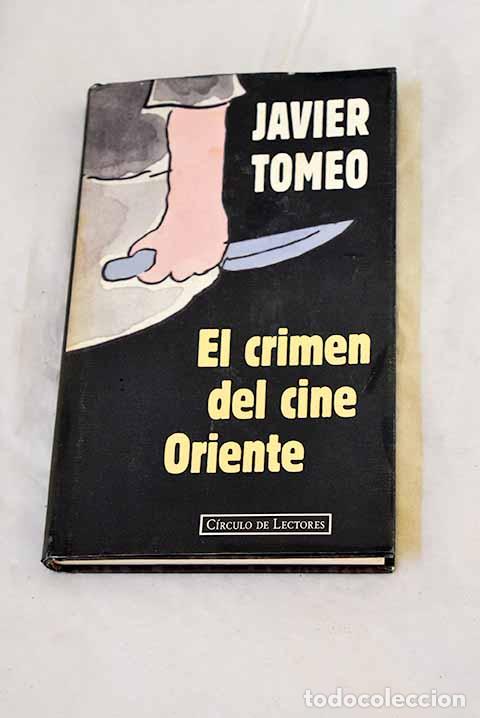 B&uuml;cher: El crimen del cine Oriente.- Tomeo, Javier
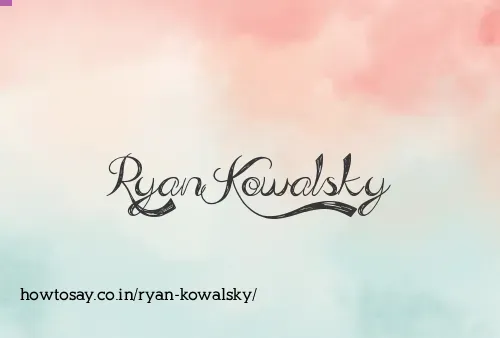 Ryan Kowalsky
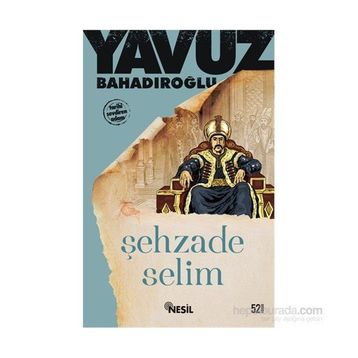 Şehzade Selim - Yavuz Bahadıroğlu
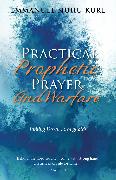 Practical Prophetic Prayer and Warfare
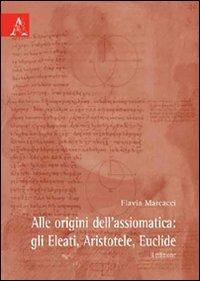Alle origini dell'assiomatica. Gli eleati, Aristotele, Euclide - Flavia Marcacci - copertina
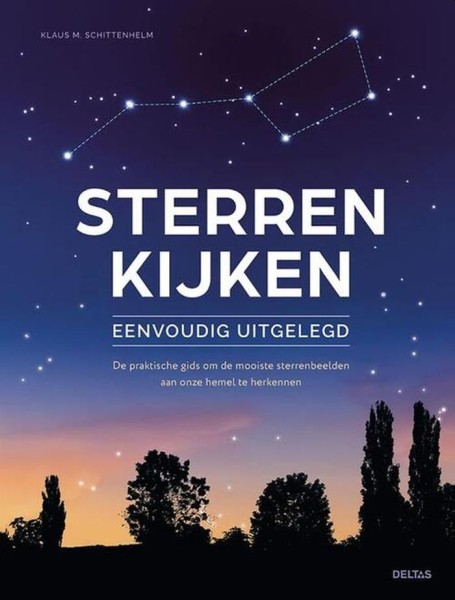 Boek Sterren Kijken Eenvoudig Uitgelegd afbeelding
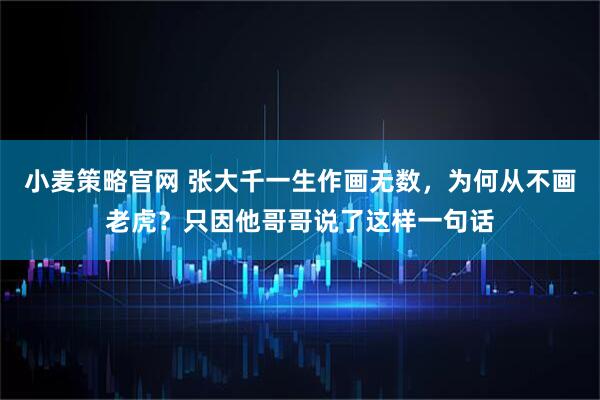 小麦策略官网 张大千一生作画无数，为何从不画老虎？只因他哥哥说了这样一句话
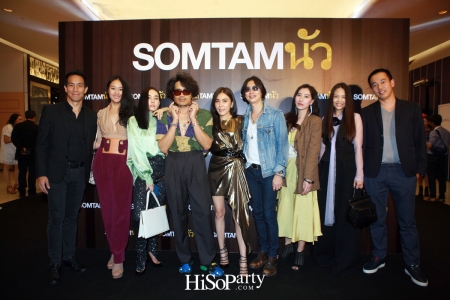 Grand Opening SOMTAMนัว @ Central Embassy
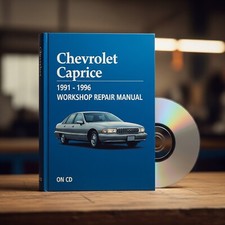 Chevrolet Caprice 1991 - 1996 Workshop Manual Service Repair Guide on CD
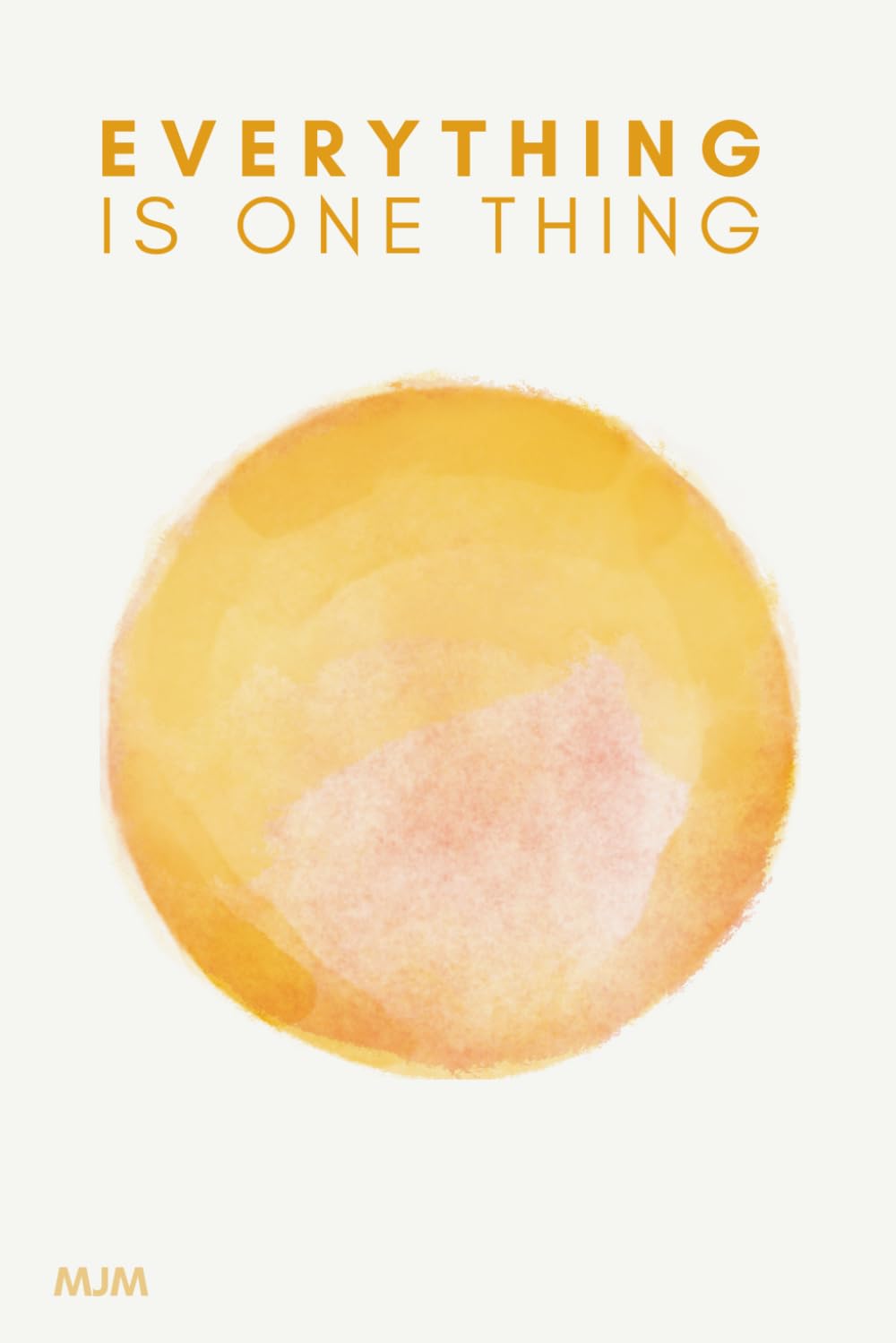 Everything is One Thing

────────

- What this task involves -
You are asked to reproduce each line above exactly, but to exclude the pictures.

- Exercise answer -
 B&uuml;cher: El crimen del cine Oriente.- Tomeo, Javier
 Ryan Kowalsky
 Şehzade Selim - Yavuz Bahadıroğlu
 Practical Prophetic Prayer and Warfare
Alle origini dell'assiomatica. Gli eleati, Aristotele, Euclide - Flavia Marcacci - copertina
 Boek Sterren Kijken Eenvoudig Uitgelegd afbeelding
 小麦策略官网 张大千一生作画无数，为何从不画老虎？只因他哥哥说了这样一句话
 Grand Opening SOMTAMนัว @ Central Embassy
 Chevrolet Caprice 1991 - 1996 Workshop Manual Service Repair Guide on CD
 Everything is One Thing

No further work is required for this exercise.